The entries below are to be repeated exactly, and their pictures left out.

● Pictures with short captions:
◇ ◇ ◇ ◇ ◇
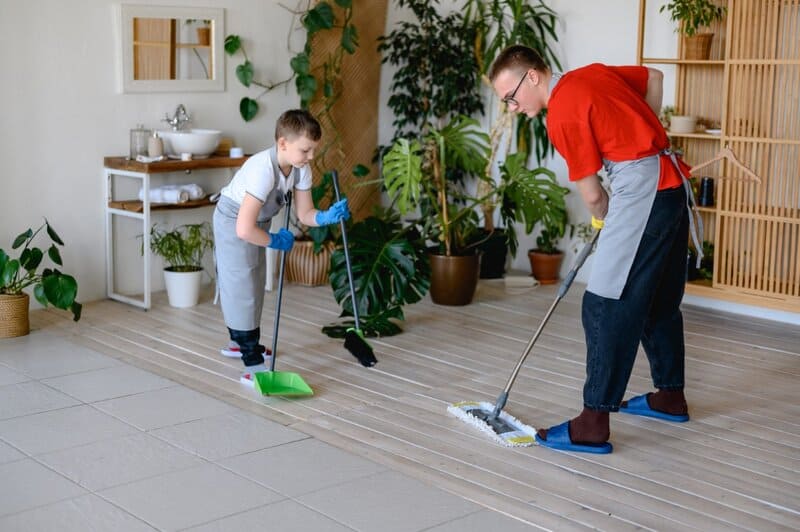 Czysta podłoga bez wysiłku - porady jak myć podłogi w domu i firmie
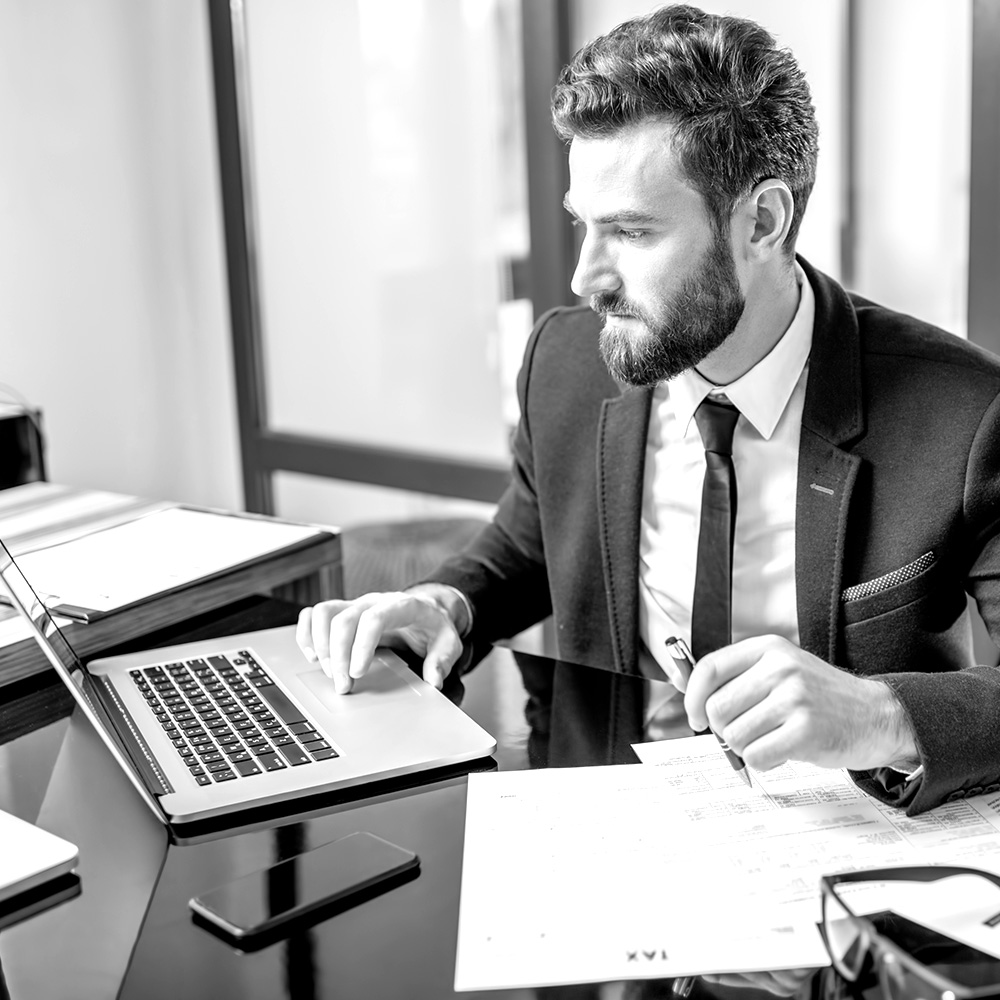 accountant_bnw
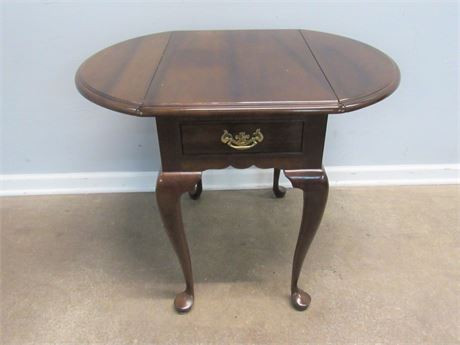 Stickley Drop-leaf Side Table with Drawer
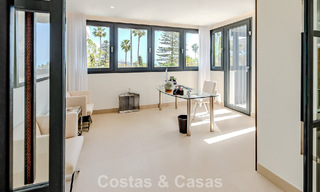 Chef-d'œuvre majestueux à vendre, au style moderne, dans un quartier résidentiel sécurisé de Sotogrande, Costa del Sol 786228 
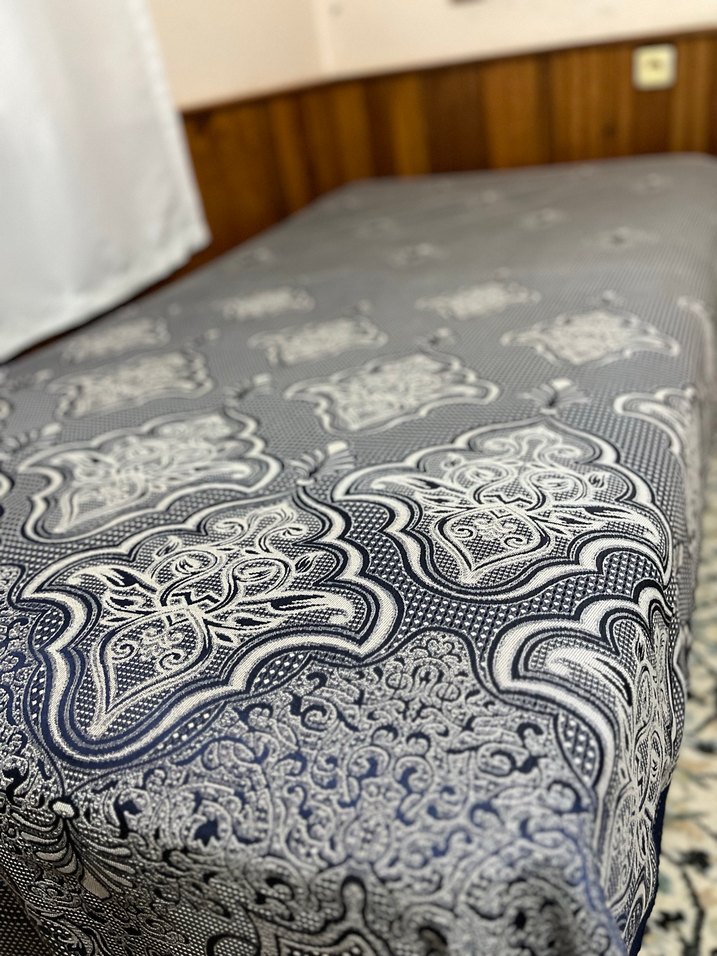 Gri İşlemeli Yatak Örtüsü Çift kişilik - Görsel 3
◇ ◇ ◇ ◇ ◇
● THE ANSWER:
 Czysta podłoga bez wysiłku - porady jak myć podłogi w domu i firmie
 accountant_bnw
 Stickley Drop-leaf Side Table with Drawer
 Chef-d'œuvre majestueux à vendre, au style moderne, dans un quartier résidentiel sécurisé de Sotogrande, Costa del Sol 786228 
 Gri İşlemeli Yatak Örtüsü Çift kişilik - Görsel 3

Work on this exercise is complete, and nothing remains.